Issue with Open AI Provider Microsoft.CognitiveServices/accounts/deployments

JFolberth commented 1 year ago

Bicep version 0.18.4

Describe the bug I am fairly confident this is an issue with the native provider. I am attempting to deploy a Cognitive Services account w/ gpt-35-turbo deployment.

The portal shows the following:

       {
            "type": "Microsoft.CognitiveServices/accounts/deployments",
            "apiVersion": "2022-12-01",
            "name": "[concat(parameters('accounts_pdfgptdemo_dev_eus_name'), '/gpt-35-turbo')]",
            "dependsOn": [
                "[resourceId('Microsoft.CognitiveServices/accounts', parameters('accounts_pdfgptdemo_dev_eus_name'))]"
            ],
            "properties": {
                "model": {
                    "format": "OpenAI",
                    "name": "gpt-35-turbo",
                    "version": "0301"
                },
                "scaleSettings": {
                    "scaleType": "Standard",
                    "capacity": 120
                },
                "raiPolicyName": "Microsoft.Default"
            }
        },

My bicep first attempt was:

resource gpt4Deployment 'Microsoft.CognitiveServices/accounts/deployments@2022-12-01'={
  parent: openAI
  name: 'gpt-35-turbo'
  properties: {
    model: {
      format: 'OpenAI'
      name: 'gpt-35-turbo'
      version: '0301'

    }
   scaleSettings: {
    scaleType: 'Standard'
    capacity: 120

   }
    raiPolicyName:'Microsoft.Default'
  }
}

I got the See inner errors for details.\",\r\n \"details\": [\r\n {\r\n \"code\": \"InvalidCapacity\",\r\n \"message\": \"The capacity should be null for standard deployment.

I switched my to capacity: null and now get "The specified capacity '120' of account deployment is bigger than available capacity '119' for UsageName 'Tokens Per Minute (thousands) - GPT-35-Turbo'

To Reproduce I have my IaC here: https://github.com/JFolberth/PDFgpt/tree/gpt3 Python code isn't 100% compatible with GPT 35 though IaC will reflect this issue.

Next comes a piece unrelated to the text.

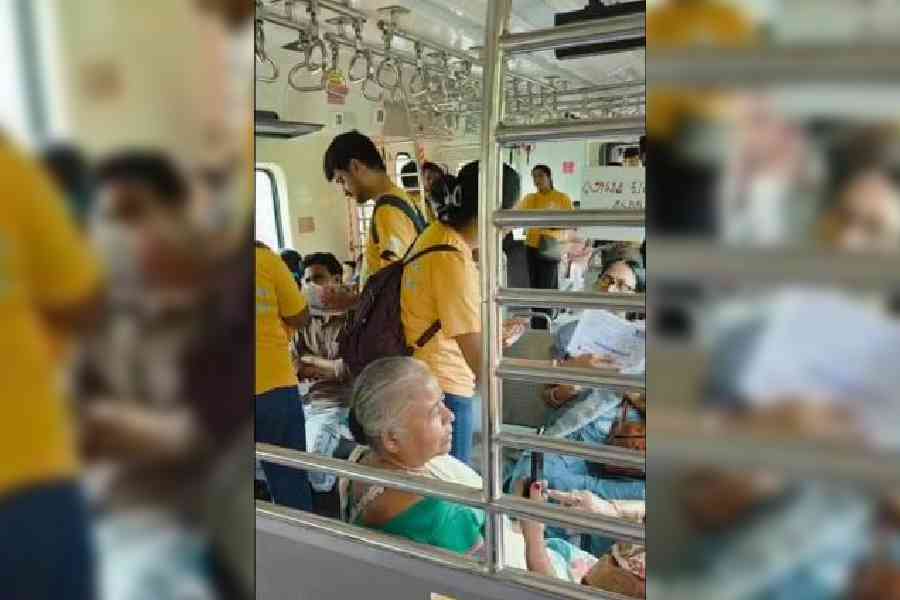 Mental health workers talk to commuters on a Krishnanagar-bound local train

When running the deployment will fail and still create the Open AI Model

Additional context Add any other context about the problem here.

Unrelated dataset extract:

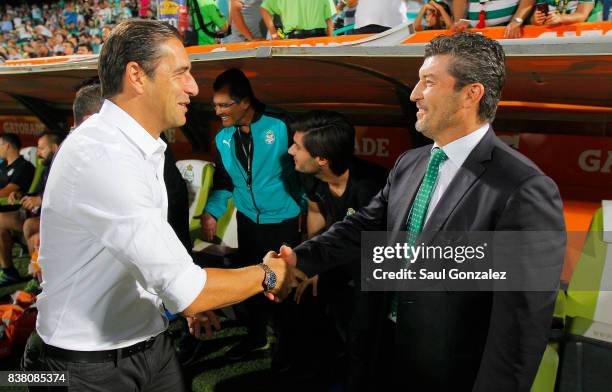 Gabriel Amato, coach of Chivas greets Jose Manuel de la Torre, coach of Santos, prior to the sixth round match between Santos Laguna and Chivas as...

alex-frankel commented 1 year ago

Yes, please open a support ticket for this one.

JFolberth commented 1 year ago

Case opened with support: 2306200040000242. Any help getting it to the appropriate group would be appreciated.

johnnyreilly commented 12 months ago

We're also bumping on this - is there any news?

JFolberth commented 11 months ago

To update there is definitely something off in 2023-05-01 resource provider. We got it to work when downgrading to 2022-12-01 and messing with capacity. 2023-05-01 we were unable to get the deployment to work with.

For starters the documentation is out of data as the setting scaleSetting is replaced with sku in the newer API version. It did work also when I upgraded my capacity to 240, then downgraded to 120. Ticket is still being moved along the proper channels.

johnnyreilly commented 11 months ago

Just to back up what @JFolberth says, we tried setting capacity via Bicep and got:

[error]InvalidResourceProperties: The scale settings of account deployment is deprecated since API version '2023-05-01', please use 'sku' instead.

johnrsanders commented 11 months ago

@JFolberth we updated our docs and bicep yesterday; please try the latest today and lmk if this doesn't resolve the issue. Thank you for reporting it.

API DOCUMENTATION:

Please note the sku.capacity property, which is used to set quota.

REST: https://learn.microsoft.com/en-us/rest/api/cognitiveservices/accountmanagement/deployments/create-or-update?tabs=HTTP

ARM/Terraform/Bicep: https://learn.microsoft.com/en-us/azure/templates/microsoft.cognitiveservices/accounts?pivots=deployment-language-bicep

JFolberth commented 11 months ago

@johnrsanders unfortunately deployment still does not work with the new API: "code": "InvalidRequestContent", "message": "The request content was invalid and could not be deserialized."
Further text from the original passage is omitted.